Tüm yerleşkelerde yemekhane ve kantin mevcuttur. Yemekler temizlik ve hijyen kuralları gözetilerek gıda mühendisinin ve sağlık personelinin gözetiminde usta aşçılar tarafından pişiriliyor. Öğrenciler ücret karşılığında yemekhane ve kantinden yararlanabiliyor.

Üniversitemiz uluslararası denkliğe sahiptir. Tüm mezun öğrencilere aldıkları derslerin ve notlarının Avrupa Eğitim Sistemindeki karşılığını gösterir nitelikte Diploma Eki düzenlenmektedir.

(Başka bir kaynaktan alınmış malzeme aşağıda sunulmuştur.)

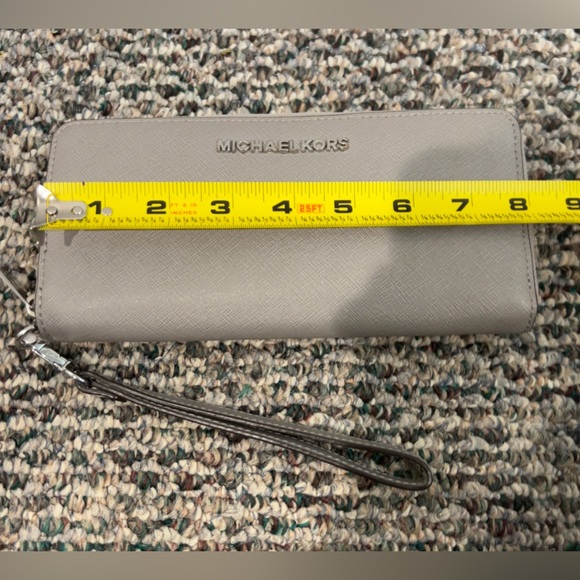 Michael Kors Jet Set Saffiano Laether  Large Wallet Wristlet Pearl Grey - Picture 10 of 12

Değişim programı süresi içinde öğrencinin üniversitedeki kaydı devam eder ve bu süre öğretim süresinden sayılır. Öğrencinin değişim programında aldığı derslerin intibakları, kayıtlı olduğu birimin yönetim kurulu kararı ile yapılır.

Uluslararası öğrencilerin kabulü, ilgili mevzuat hükümlerine göre yapılır. Hangi programlara yurt dışından öğrenci kabul edileceği, bunların kontenjanları, başvuru tarihleri ve ödeyecekleri ücretler Senato kararı ve Mütevelli Heyet onayı ile belirlenir. Detaylara iro.fsm.edu.tr/ adresinden ulaşılabilir.